17 décembre 2007 (Nouvelle Solidarité) - Michel Rocard, est devenue la première figure politique d’envergure à exiger, dans les pages d’un hebdomadaire national important, le Nouvel Observateur (13 au 19 déc.), une action par rapport au krach bancaire qui se déroule depuis l’été dernier et qu’il compare au krach de 1929.
La cause principale de cette crise, indique Rocard, se trouve dans la financiarisation du capitalisme de ces dernières années, qui a créé une situation où les profits financiers se sont envolés alors que la masse des salaires des plus pauvres et des classes moyennes s’est retrouvée considérablement réduite.
Pour illustrer les problèmes actuels du capitalisme dénoncés sans ménagement par des économistes tels que Patrick Artus dans son ouvrage Les incendiaires, Michel Rocard évoque le problème de la dette américaine. « Lors de la crise de 1929, l’endettement américain - environ 130 % du produit national - était déjà ‘au cœur du système’. Aujourd’hui il atteint plus de 230 %. Pour éviter la faillite, le système financier américain doit emprunter 2 milliards de dollars par jour ! »
Rocard rappelle cependant qu’entre « 1945 et 1980, le monde n’a connu que des faillites nationales, pas des crises mondiales » en raison « des grands succès du capitalisme régulé ». Pendant trente ans, l’économie occidentale a progressé au rythme de 5 % l’an, sans jamais de crises financières et avec un chômage quasi nul (2 % de la population active, c’est à peu près le chômage frictionnel dû à la mobilité professionnelle). Les raisons de cette embellie ? Précisément les mauvais souvenirs de la grande crise de 1929, son cortège de malheurs avec la prolétarisation des classes moyennes et finalement la guerre. »

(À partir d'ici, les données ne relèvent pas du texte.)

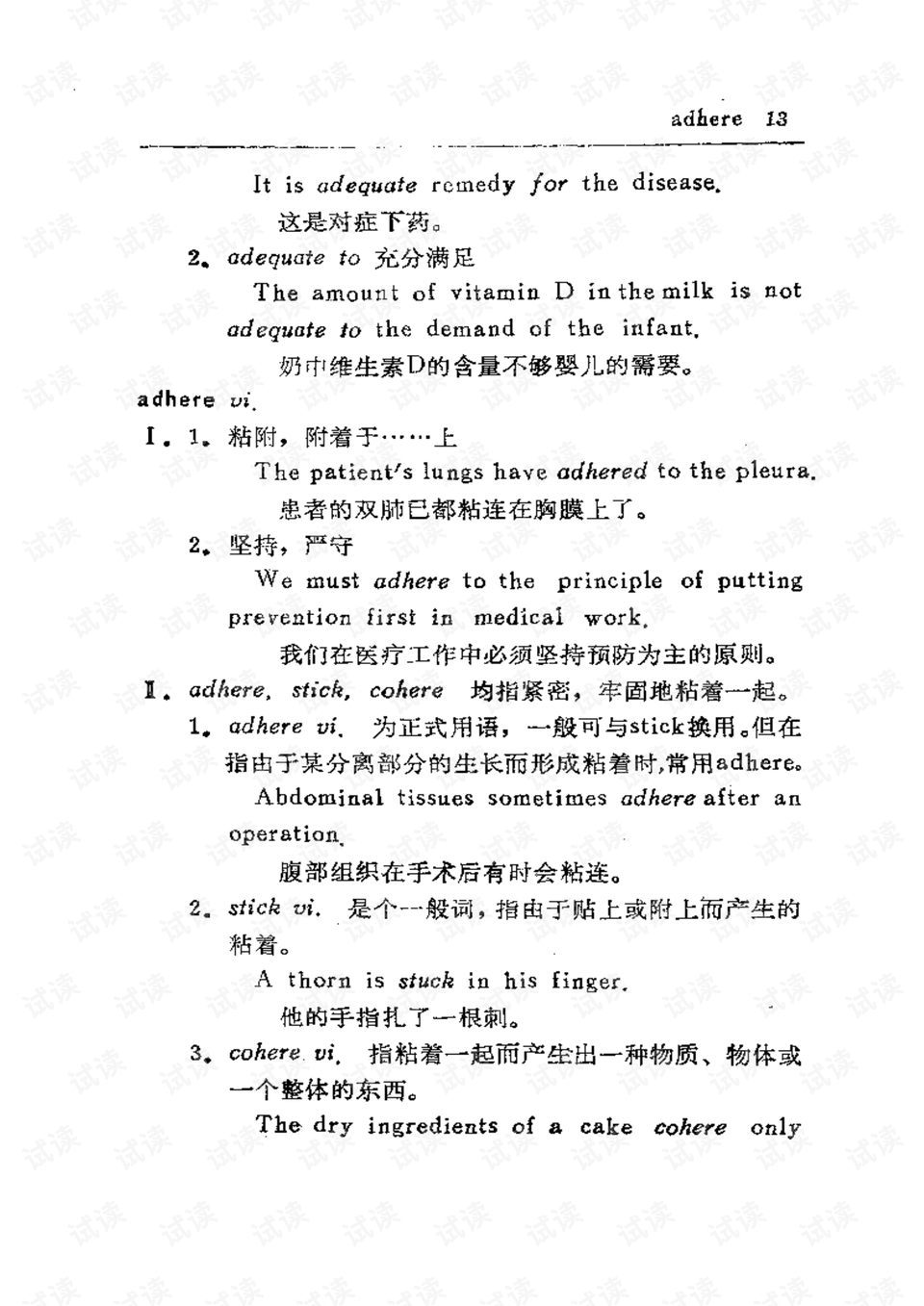 0013-ada38ac248a08ab35991146e8f4c3d46_preview.png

Plusieurs mesures correctives ont permis d’éviter de nouvelles catastrophes à la 1929. Et, « avec le New Deal, les grands travaux de Roosevelt, cette politique de hauts salaires et de fidélisation des salariés qualifiés a permis à l’économie américaine de repartir très vite après la crise de 1929. La France a utilisé le Plan, ce forum entre syndicats, patrons et Etat, réunis pour préserver un haut niveau de demande (donc des salaires) afin de permettre des anticipations de consommation forte. »
Tout ceci est venu à son terme « à partir de 1980, lorsque la sphère financière a pris une importance colossale. » Rocard énumère toutes les crises financières qui se sont succédés depuis jusqu’à l’éclatement de la bulle Internet où les pertes étaient déjà comparables à celles du crash de 1929. Il dénonce la montée en puissance des « actionnaires » contre la mentalité plus Fordiste qui existait auparavant où un bon salaire permettait au salarié de consommer activant ainsi le cycle productif. Aujourd’hui, tout le monde parle d’abondantes liquidités qui pourraient nous sauver d’un krach. Mais celles-ci, dit Rocard, « ne s’orientent pas vers l’investissement long ; elles préfèrent les investissements financiers spéculatifs ». « Personne ne sait comment tout ça peut finir, et j’ai la conviction que cela va bientôt exploser ». C’est la raison pour laquelle Michel Rocard conclu en appelant « à défendre tout ce qui produit contre tout ce qui spécule. (Car), c’est ça, la nouvelle lutte des classes. »
S’il comprend bien un certain nombre de problèmes, ses solutions restent beaucoup trop limitées par rapport aux dangers que lui-même dénonce. Il appelle à une réforme du FMI par son ami Dominique Strauss Kahn, à une criminalisation du droit des affaires (délits d’initiés, abus de stock options, etc.), à la régulation des OPA hostiles, au développement de l’économie sociale.
Michel Rocard intervient utilement cependant dans le débat au sein du Parti socialiste, soulignant que « si en France, le PS était capable de comprendre ce qui se passe, de faire la liaison entre la situation nationale et l’internationale et pouvait expliquer les raisons de la montée du travail précaire chez nous, il donnerait enfin l’impression de répondre à la situation. » Plus, dit Rocard, « il y aura une prime au premier qui saura expliquer ».